Data Stores

Data Lakes

A storage repository that holds a large amount of data in its raw format.
Data lake stores are optimized for scaling to gigabytes/petabytes of data.
The data typically comes from multiple sources and can be structured, semi-structured, or unstructured.
The idea with a data lake is to store everything in its original untransformed state.

Advantages

Data is never thrown away since the data is stored in its raw format.
This is especially useful when you may not know in advance what insights can be drawn from the data.
More flexible than a data warehouse as data can stored as unstructured and semi-structured in a Data Lake.

Disadvantages

Data Reliability:
- Lack of a schema enforcement
- Lack of consistency across the data can make it challenging to perform analysis on the data.
Data Governance:
- Data change catalog is not maintained (e.g. inserts, updates, etc.)
Query performance:
- Unnecessary reads from disk
- Small files to scan
- Metadata management
See Delta Lakes below to address some of these challenges.

Delta stores a transaction log to keep track of all the commits made to the table directory to provide ACID transactions.
ACID = atomicity, consistency, isolation, durability
Also enables schema enforcement, by helping to avoid bad data getting your data lakes by providing the ability to specify the schema.
Supports schema evolution like adding a new column.
Handles Unified Batch and Stream Processing.
If we have a use-case of both Stream processing and Batch processing it is normal to follow Lambda Architecture.
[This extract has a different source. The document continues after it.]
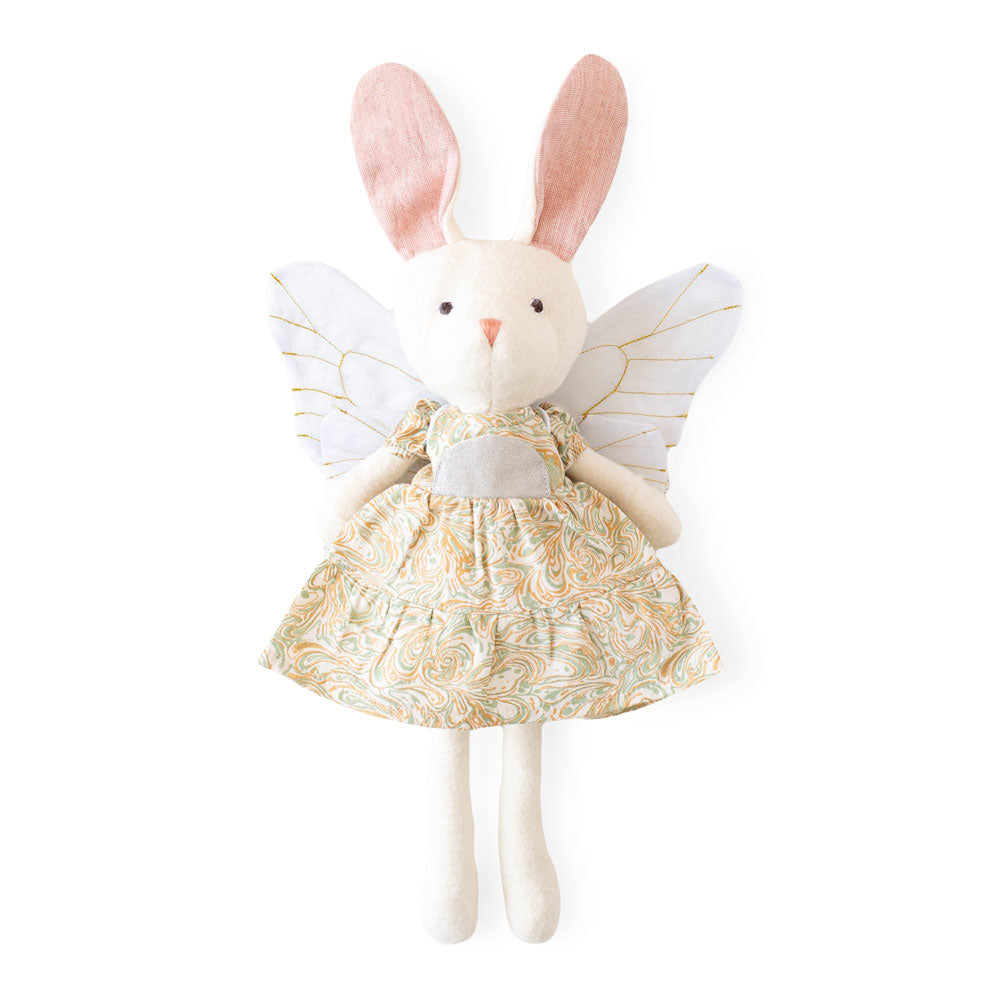 Hazel Village Emma Rabbit's Cozy Outfit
Data coming in as Stream or any historical data you have is the same table being updated.

Advantages

100% compatible with Apache Spark api.
Time travel
ACID transactions
Schema enforcement
Small file compaction
Statistic and data skipping
Unified batch and stream processing
Z-Ordering
- A technique to colocate related information in the same set of files. Z-ordering is basically a data-skipping algorithm to dramatically reduce the amount of data that needs to be read.
- To Z-Order data, you specify the columns to order on in the ZORDER BY clause:

OPTIMIZE events
WHERE date >= current_timestamp() - INTERVAL 1 day
ZORDER BY (eventType)

A database designed to store and process large volumes of current and historical data collected from multiple sources inside and outside the enterprise for deep analysis.
Organizes data into tables and columns, and allows users access via SQL.
Optimized for loading, integrating and analyzing very large amounts of data.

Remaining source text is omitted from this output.